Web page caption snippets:
::::::

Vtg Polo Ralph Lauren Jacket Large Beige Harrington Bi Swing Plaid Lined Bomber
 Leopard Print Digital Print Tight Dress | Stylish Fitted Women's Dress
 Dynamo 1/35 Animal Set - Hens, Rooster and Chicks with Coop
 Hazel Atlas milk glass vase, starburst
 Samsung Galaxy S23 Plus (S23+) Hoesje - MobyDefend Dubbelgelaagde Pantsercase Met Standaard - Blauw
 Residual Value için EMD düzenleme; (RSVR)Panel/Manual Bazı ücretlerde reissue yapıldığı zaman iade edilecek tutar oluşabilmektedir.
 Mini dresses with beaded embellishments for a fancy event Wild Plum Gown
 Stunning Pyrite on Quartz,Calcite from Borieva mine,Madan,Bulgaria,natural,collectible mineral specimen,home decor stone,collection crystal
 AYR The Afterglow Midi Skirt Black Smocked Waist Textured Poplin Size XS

::::::

What this task involves
When the word "with" shows up in a line of the entries, report that line.

Response area
 Dynamo 1/35 Animal Set - Hens, Rooster and Chicks with Coop
 Mini dresses with beaded embellishments for a fancy event Wild Plum Gown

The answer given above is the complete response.